Ramon Arias | May 19, 2014
You may have heard the following quote: “Power tends to corrupt, and absolute power corrupts absolutely.” This quote is attributed to the historian, moralist and British statesman, who was better known as Lord Acton, in a letter to Bishop Mandell Creighton in 1887. The complete quote is: “Power tends to corrupt, and absolute power corrupts absolutely. Great men are almost always bad men.”
Notice he said, “power tends…” It is easy to agree that power corrupts only because people’s tendency is toward corruption, even though it doesn’t have to be that way, yet most people choose that route.

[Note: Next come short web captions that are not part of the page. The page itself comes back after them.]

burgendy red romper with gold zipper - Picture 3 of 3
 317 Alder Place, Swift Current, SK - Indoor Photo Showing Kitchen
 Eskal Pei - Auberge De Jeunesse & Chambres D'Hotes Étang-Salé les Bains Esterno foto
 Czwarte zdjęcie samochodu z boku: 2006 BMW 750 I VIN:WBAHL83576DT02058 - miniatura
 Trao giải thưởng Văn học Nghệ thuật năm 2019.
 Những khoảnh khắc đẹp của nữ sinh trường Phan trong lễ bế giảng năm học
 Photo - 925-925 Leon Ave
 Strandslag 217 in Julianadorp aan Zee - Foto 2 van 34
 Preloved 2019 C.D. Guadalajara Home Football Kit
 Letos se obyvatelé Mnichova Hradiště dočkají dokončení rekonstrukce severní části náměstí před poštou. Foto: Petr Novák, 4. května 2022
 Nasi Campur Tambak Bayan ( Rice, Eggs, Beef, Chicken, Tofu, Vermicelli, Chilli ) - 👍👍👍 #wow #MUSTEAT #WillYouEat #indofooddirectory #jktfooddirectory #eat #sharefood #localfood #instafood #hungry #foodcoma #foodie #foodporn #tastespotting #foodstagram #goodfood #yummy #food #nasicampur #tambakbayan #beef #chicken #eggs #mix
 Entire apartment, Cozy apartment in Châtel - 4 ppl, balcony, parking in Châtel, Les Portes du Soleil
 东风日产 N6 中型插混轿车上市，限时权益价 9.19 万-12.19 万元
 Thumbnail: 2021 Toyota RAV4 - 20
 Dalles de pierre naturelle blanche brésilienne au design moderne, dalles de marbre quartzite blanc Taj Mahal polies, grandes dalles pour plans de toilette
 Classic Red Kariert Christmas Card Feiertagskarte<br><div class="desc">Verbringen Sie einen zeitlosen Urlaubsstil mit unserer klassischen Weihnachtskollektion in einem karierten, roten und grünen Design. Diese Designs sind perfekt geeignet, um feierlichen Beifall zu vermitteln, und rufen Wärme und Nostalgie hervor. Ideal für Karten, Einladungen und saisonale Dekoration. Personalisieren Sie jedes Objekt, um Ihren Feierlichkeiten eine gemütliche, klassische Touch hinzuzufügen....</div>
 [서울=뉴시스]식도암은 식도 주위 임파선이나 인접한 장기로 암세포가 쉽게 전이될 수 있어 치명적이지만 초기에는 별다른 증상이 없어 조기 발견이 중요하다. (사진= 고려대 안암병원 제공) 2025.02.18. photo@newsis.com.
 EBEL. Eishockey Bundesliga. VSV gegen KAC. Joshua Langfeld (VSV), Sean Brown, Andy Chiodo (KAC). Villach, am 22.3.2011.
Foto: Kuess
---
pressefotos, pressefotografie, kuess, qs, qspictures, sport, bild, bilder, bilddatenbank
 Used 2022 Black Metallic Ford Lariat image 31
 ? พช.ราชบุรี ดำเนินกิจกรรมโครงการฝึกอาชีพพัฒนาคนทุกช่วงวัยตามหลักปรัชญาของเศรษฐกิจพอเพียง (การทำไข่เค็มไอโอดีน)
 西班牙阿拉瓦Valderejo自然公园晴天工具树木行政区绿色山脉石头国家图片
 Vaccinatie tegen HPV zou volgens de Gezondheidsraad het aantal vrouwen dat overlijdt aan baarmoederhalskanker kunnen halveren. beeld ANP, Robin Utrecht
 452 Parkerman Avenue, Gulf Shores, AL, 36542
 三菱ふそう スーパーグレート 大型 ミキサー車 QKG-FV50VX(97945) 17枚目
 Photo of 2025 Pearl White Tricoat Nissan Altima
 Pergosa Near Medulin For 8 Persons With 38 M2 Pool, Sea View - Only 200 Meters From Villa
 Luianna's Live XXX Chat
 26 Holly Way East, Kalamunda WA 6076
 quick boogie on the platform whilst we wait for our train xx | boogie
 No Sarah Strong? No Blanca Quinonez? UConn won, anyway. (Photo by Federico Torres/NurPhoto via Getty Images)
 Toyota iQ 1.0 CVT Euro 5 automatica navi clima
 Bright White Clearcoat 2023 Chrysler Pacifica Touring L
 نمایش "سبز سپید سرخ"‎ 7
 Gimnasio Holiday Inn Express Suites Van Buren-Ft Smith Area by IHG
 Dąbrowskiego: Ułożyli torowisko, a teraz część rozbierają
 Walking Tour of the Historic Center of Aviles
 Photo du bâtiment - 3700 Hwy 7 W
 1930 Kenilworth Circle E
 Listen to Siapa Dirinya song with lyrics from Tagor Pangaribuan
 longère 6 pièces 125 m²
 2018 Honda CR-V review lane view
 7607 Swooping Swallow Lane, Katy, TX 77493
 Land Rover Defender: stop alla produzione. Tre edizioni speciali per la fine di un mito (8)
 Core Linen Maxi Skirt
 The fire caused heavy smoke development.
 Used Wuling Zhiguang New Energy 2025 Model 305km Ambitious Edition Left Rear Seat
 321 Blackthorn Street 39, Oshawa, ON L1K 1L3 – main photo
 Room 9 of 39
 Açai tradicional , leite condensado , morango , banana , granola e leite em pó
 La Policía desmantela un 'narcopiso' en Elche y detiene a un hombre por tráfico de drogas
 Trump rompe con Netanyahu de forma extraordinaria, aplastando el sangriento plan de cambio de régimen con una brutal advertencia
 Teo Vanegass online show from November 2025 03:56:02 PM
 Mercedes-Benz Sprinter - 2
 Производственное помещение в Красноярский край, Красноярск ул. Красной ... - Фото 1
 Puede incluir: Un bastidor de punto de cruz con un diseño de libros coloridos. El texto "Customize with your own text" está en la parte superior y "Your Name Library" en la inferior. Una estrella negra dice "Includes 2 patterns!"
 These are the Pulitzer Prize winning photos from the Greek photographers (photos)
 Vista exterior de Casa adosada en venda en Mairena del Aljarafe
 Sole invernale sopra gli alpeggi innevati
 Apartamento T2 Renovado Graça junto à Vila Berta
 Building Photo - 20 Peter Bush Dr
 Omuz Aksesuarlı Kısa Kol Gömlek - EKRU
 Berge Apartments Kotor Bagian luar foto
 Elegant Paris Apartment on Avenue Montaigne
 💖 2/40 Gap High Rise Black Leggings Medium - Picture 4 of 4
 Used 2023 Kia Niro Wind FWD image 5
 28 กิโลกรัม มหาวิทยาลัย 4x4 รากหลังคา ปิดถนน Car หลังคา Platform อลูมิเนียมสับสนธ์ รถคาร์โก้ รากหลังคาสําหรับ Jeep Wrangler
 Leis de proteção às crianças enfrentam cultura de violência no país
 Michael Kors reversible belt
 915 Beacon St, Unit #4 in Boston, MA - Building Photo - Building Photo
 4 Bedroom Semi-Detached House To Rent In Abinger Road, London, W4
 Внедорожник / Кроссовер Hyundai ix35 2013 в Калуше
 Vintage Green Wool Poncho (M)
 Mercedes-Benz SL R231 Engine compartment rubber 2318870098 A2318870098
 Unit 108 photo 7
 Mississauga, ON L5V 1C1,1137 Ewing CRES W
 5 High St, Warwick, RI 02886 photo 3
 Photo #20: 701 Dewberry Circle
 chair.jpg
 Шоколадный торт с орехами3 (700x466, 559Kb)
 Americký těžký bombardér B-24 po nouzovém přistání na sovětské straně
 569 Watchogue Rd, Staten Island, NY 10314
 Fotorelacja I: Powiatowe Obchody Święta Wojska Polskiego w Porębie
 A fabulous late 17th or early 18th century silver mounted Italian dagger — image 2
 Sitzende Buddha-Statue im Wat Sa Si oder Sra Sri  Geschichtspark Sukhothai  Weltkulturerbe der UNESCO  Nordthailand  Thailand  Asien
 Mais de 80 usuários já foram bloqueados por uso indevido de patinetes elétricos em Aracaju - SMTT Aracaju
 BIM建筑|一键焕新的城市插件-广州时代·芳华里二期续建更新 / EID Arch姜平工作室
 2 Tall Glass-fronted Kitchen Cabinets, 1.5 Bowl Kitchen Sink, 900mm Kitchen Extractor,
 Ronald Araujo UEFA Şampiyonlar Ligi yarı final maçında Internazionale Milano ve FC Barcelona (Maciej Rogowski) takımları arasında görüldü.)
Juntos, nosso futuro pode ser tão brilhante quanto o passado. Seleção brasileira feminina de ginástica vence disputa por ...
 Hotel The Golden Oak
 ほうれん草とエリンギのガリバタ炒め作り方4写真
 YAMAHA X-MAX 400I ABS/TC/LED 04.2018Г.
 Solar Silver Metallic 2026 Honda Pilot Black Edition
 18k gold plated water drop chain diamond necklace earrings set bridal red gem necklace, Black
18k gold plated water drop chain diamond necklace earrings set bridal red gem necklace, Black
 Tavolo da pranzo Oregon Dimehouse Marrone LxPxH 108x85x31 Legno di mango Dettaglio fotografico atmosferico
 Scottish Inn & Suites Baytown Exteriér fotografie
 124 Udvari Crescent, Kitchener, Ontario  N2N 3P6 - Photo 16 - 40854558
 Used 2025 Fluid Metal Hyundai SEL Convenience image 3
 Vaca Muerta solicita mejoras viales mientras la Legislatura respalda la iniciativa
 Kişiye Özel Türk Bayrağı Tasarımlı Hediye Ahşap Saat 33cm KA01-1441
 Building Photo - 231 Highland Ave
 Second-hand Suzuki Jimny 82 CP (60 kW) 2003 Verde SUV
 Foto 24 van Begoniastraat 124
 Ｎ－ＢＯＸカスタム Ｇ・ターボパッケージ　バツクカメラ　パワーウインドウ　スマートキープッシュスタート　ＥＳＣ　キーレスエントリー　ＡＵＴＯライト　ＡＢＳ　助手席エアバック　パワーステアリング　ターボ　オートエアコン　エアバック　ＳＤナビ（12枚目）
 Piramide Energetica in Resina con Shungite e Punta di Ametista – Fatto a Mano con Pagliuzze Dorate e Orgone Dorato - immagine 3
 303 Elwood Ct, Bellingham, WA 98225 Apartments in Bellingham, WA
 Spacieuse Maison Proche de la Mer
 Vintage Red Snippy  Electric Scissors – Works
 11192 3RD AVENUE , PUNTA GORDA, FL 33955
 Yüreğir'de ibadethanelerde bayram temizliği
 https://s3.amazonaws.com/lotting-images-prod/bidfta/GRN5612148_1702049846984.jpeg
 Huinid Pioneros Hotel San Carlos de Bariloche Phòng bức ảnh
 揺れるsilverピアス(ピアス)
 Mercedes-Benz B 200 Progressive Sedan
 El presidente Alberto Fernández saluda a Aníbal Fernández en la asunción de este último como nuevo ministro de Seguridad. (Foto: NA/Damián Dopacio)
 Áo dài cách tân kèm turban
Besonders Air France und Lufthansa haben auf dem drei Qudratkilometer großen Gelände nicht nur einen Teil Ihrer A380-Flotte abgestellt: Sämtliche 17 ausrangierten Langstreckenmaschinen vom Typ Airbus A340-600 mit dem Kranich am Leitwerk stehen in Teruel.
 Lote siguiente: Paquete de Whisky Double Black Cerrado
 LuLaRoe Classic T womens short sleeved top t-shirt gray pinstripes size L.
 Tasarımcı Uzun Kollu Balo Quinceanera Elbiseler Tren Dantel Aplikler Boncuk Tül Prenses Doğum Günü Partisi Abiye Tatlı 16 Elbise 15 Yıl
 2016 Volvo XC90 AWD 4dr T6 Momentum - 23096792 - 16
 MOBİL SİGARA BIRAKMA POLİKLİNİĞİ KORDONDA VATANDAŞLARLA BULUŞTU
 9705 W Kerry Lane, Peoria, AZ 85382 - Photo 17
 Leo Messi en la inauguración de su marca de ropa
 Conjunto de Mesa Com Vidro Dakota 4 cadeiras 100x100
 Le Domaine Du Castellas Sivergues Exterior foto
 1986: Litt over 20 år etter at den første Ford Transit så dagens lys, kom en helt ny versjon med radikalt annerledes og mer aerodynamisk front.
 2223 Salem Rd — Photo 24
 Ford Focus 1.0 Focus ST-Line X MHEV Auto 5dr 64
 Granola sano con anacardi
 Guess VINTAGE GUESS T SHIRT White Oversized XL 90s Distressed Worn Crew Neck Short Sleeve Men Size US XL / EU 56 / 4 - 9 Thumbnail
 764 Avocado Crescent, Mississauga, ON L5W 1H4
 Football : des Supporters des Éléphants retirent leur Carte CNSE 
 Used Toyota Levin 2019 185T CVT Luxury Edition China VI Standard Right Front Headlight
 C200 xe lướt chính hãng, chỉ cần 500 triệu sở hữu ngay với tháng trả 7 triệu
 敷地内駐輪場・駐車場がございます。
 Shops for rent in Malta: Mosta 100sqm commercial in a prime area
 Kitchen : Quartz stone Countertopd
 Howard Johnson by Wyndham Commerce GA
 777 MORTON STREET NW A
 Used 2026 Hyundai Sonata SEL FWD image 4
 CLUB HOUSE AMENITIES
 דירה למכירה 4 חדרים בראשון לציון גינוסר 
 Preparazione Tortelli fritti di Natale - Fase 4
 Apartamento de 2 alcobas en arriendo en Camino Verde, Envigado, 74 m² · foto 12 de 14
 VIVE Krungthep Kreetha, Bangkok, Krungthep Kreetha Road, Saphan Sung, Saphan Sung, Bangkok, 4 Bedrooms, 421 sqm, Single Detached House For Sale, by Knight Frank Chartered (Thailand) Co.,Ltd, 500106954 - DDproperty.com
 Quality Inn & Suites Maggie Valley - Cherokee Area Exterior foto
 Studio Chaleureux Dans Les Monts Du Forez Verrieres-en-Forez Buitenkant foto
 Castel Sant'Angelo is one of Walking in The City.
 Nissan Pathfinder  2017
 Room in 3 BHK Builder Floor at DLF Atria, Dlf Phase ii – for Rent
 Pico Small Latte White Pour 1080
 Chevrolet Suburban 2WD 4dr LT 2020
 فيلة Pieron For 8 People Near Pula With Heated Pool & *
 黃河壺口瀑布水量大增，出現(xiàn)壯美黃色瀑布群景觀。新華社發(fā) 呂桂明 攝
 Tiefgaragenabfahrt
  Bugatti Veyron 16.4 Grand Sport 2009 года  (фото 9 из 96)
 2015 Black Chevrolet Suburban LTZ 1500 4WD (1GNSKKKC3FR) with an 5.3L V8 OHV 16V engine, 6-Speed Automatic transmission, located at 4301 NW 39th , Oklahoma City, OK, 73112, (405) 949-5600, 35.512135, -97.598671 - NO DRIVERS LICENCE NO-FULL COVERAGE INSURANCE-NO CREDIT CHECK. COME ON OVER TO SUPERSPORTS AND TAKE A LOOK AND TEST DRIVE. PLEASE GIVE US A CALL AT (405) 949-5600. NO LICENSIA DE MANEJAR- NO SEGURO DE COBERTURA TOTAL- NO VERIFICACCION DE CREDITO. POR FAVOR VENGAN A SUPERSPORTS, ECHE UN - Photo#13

People also have the misconception that power, for the most part, corrupts politicians, mega capitalists and similar individuals who make alliances with government; this is absolutely false. The very nature of power can be found at all levels of human activity day in and day out, not just with those who are most visible. Have you seen how most people change when they are promoted to certain levels of influence regardless of how little that influence may be? There is no denial that the more power the individual’s lust after and the higher they climb, the more obvious his or her destructive actions will be. Good and evil are at war within the heart and mind of humans. One wants to rule over the other; it is a ferocious battle.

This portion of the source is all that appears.